Drained

What a day. Woke up feeling very bad about missing my shift at alpine skiing today. I would miss the Ladies’ Slalom race and wouldn’t be able to work on a story I wanted to write.

No matter, I thought. The reason I’d be missing skiing was that Mika had somehow managed to get tickets to the Finland-US Men’s Semifinal Hockey game in Vancouver. I hadn’t yet been to a hockey game at these Winter Games, and Mika said the atmosphere at the games was fantastic and well worth what we’d paid for the tickets.

So we woke up early, bundled the kids up in waterproof gear and dropped them off with the babysitter to see the Ladies’ Alpine event under very wet Whistler snowfall. We set off with Mika’s dad and former Finnish hockey star Jorma Salmi to see the game.

We were rushing by the time we got into Vancouver. We parked the car, ran to the Seabus ferry, and made it onto the boat with 17 seconds left. We got off the Seabus, walked quickly to the Skytrain, and again got lucky with a train that was about to leave the station. Whew.

Because Mika had to buy the tickets in sets of two, we had one extra, which Jorma agreed to sell. We split off from him and hurried in the rain towards the stadium entrance. We waited impatiently in security as a man in the line ahead of us bantered with the personnel and took  eternity to empty his pockets. How many pockets can a person have?

Finally we were through security and at the doors to the stadium. Mika handed the volunteer his ticket. She scanned it. A red light appeared.

Rejected.

I handed them my ticket. Rejected. I dropped my Finnish flag on the ground in disbelief.

Apparently we’d been sold duplicate tickets. Someone was already in our seats.

Think fast. Is there a box office? Yes, we were told, but they doubted we’d be able to get tickets.

We found Jorma walking towards the stadium and told him the bad news. He’d been walking with the guy to whom he’d sold the other ticket. Well, maybe their tickets, since they were part of a different set, would work. They went off to try.

We headed out beyond the security lines, now endless, and towards a gray trailer that served as the box office. Two windows were open. Above each a sign read:

Tickets To
Today’s Events Are
SOLD OUT

I asked anyway. Yes, they actually had tickets to the game.

Huh? I could have asked why the heck the signs said otherwise, but I was too relieved to care. The day was saved – wasn’t it? We called Jorma a dozen times before he answered to say he couldn’t get in either and had returned the cash to the man he’d just sold the fourth ticket to; that guy then went to see the game at a bar.

So we bought three tickets from the box office with the big signs saying they were sold out.

This time security took more than an eternity but we were happy to at least be going to the game. The two guys behind us, Canadian hockey fans who like all the other Canadian fans there would be rooting for Finland, talked about how great the Finnish goalie Kipprusoff was. “Normally he hate him, but today we love him,” they said.

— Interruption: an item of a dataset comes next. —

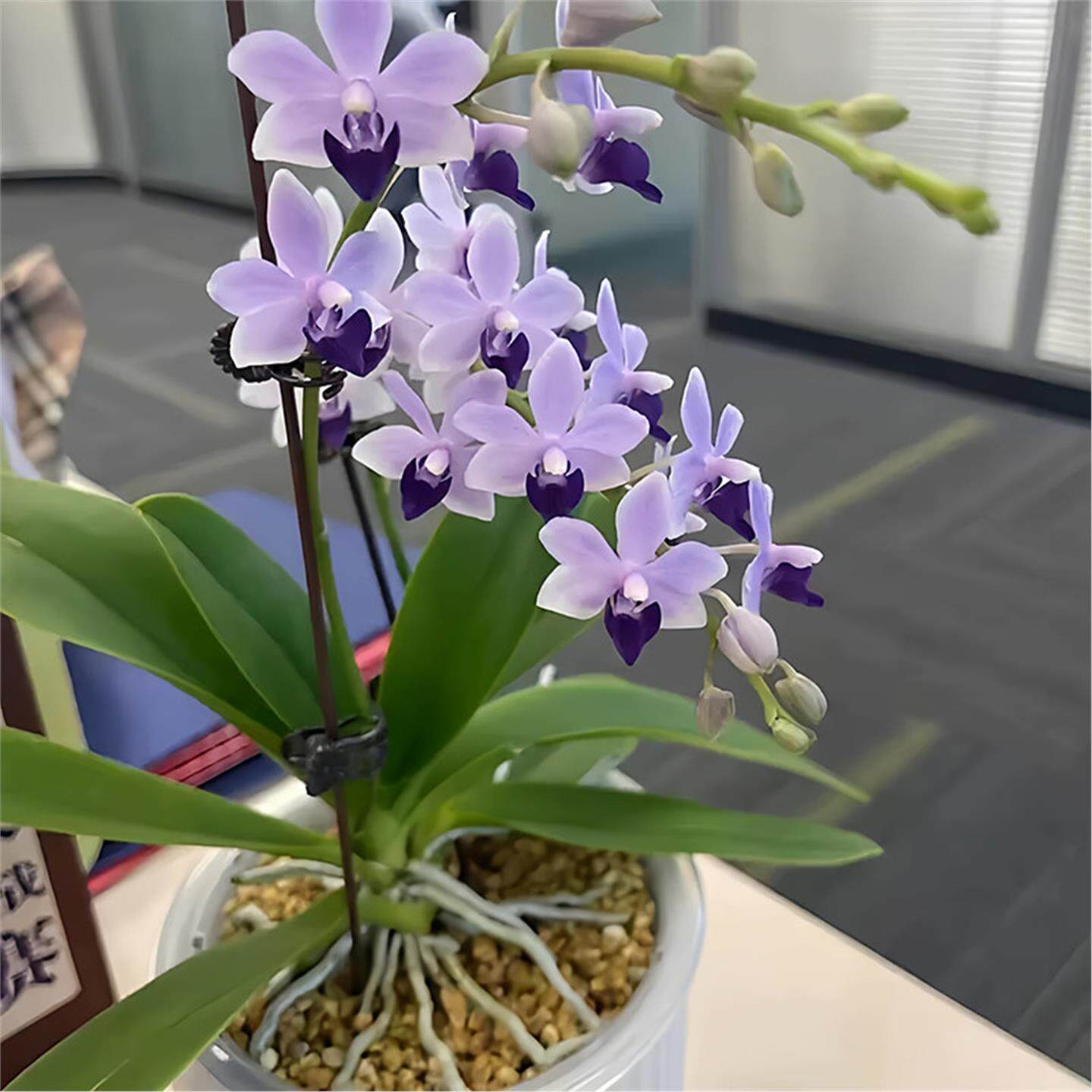 蝴蝶兰小茴紫带花剑进口品种多年生盆栽带花苞兰花苗吸色好养绿植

Kipprusoff would hold off the Americans, they believed, as he had so many other teams so far.

We got through with 8 minutes to go and sprinted all the way to the stadium. We found Jorma by the door, handed him his now legitimate ticket and ran up to our seats. Hooray! We made it with a minute to go.

Then two minutes into the game the famed Finnish goalkeeper stepped way out ahead of the goal and accidentally passed a puck back at a US player, who scored.

Then the goalie crumbled. Not used to making such mistakes, he couldn’t take it. Within minutes, he let in three more goals. We were seated directly behind the goalie in the eighth row; it felt as if the pucks were hitting us straight in the gut. I felt ill. The Finns replaced the goalie but were so shell-shocked that the next goalie let in two more goals. Do we leave now? I asked myself.

Fortunately, the Finns regained their composure after the first horrible 11 minutes and the first 20-minute period ended with no more goals. The next two periods, with the new Finnish goalie, remained goal-less and, amazingly, the Finns kept the puck down by the American goal nearly the whole time. But this was not enough to save face. Indeed, we’d put away our Finnish flags. Mika’s big flag was off his shoulders and folded into his pocket. One goal by the Finns was needed. Just one.

With a handful of minutes left, the Finns scored. The stadium erupted. Whew again.